Semen Gresik expects sales to increase
JAKARTA (JP): Publicly listed cement producer PT Semen Gresik estimates total cement sales will increase to 12 million tons this year from 10.28 million tons in 1998.
Company president Urip Timuryono said on Friday that five million tons of total sales would go to export markets.
The company said total sales increased by 33 percent to 8.39 million tons in the January to August period.
"We are certain that with rising demand from export markets we can operate on a 70 percent capacity," Urip said on Friday after the company's extraordinary shareholders meeting.
Semen Gresik, which has a total production capacity of 17.3 million tons a year, booked total sales of 8.4 million tons during the January to August period, a surge of 33 percent from the same period last year on the back of higher exports.
During the period, the company exported about three million tons, rising significantly from 813,000 tons in the same period last year.

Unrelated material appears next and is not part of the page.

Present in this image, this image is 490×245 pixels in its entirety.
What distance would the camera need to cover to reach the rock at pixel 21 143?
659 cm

Domestic sales reached 5.4 million tons in the eight month period, down 1.4 percent from 5.5 million tons in the same period in 1998.

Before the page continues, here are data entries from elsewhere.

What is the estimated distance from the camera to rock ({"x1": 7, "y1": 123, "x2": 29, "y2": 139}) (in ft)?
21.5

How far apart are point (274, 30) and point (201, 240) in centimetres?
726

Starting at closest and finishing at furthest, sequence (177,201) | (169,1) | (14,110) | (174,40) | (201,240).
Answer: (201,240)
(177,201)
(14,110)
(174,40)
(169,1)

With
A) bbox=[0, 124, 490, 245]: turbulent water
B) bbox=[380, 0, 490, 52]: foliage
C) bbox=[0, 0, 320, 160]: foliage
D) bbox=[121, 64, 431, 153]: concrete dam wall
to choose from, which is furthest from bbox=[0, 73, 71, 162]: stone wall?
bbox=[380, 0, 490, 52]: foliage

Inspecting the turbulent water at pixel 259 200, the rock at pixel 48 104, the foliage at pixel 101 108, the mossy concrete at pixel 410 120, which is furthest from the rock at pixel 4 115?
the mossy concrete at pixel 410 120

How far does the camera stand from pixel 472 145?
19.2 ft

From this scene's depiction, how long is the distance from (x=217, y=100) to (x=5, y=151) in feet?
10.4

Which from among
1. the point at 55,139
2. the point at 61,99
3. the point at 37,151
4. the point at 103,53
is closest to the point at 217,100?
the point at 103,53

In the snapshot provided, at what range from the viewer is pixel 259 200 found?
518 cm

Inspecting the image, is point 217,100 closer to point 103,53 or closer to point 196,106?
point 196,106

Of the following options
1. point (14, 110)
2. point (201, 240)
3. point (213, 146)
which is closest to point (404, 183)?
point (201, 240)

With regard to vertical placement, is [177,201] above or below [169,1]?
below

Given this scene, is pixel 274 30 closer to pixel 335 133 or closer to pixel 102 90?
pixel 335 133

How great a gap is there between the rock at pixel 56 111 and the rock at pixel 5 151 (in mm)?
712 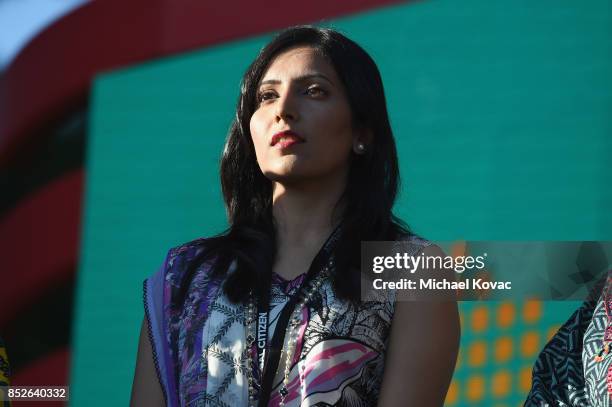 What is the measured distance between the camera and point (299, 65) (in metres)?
2.58

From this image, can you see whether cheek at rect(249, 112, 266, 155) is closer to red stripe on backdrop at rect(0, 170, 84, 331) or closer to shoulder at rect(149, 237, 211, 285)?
shoulder at rect(149, 237, 211, 285)

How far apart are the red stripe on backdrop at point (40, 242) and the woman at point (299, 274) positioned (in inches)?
221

Urip said that Semen Gresik's cement was sold at an average of US$24 per ton in overseas markets.
Semen Gresik's export markets are Australia, Singapore, Papua New Guinea, Maldives, Bangladesh, Myanmar, Vietnam, Sri Lanka, Yemen, South Africa, Nigeria, Egypt, Chile, Dubai and Mauritius.

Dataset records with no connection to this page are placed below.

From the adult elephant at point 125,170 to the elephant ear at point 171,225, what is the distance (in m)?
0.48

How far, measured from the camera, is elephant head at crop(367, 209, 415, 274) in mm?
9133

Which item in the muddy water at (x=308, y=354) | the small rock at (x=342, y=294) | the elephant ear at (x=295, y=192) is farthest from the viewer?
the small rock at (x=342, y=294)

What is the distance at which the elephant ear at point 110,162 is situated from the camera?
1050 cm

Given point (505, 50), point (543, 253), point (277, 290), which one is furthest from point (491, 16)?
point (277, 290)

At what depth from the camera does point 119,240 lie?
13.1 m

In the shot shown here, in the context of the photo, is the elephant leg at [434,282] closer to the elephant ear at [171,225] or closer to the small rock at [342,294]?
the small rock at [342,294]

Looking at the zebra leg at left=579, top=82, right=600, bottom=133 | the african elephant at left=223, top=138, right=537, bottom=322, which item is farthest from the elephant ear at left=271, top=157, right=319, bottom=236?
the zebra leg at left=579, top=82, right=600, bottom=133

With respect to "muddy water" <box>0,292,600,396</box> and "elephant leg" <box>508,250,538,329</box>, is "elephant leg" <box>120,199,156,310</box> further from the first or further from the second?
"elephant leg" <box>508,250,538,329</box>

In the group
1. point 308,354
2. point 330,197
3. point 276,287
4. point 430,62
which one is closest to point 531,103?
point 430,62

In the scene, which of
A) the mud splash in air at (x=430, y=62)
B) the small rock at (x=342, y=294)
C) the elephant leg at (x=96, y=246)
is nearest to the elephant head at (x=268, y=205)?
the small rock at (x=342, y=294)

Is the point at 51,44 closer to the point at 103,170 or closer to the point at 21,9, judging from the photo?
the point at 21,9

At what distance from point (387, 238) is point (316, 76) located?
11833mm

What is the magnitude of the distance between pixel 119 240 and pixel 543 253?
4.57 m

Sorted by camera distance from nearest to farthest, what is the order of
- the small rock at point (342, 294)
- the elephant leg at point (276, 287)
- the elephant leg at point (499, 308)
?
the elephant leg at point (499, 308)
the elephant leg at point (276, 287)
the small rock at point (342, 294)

At the press briefing, Urip denied media reports that the government planned a further sale of its stake in Semen Gresik to its existing strategic investor Cemex S.A. de C.V. of Mexico.
"There is no such plan as of now," he said adding that Cemex still owned a 25 percent stake in Semen Gresik.
Last year, Cemex bought a 14 percent stake in Semen Gresik from the government and another 6 percent from the public through a tender offer. The Mexican cement producer bought another 5 percent this year in order to have a seat on Semen Gresik's board of directors and commissioners.
The current shareholding position of Semen Gresik is the government (51 percent), Cemex (25 percent) and the public (24 percent), according to Urip.
Semen Gresik, which wholly owns PT Semen Padang in West Sumatra and PT Semen Tonasa in South Sulawesi, is the first of the state-owned firms to be sold to strategic investors since the government's privatization program began last year.
Shareholders of Semen Gresik also appointed Setiadi Dirgo as the company's president commissioner, replacing Anwar Nasution who is currently appointed as the senior deputy governor of Bank Indonesia.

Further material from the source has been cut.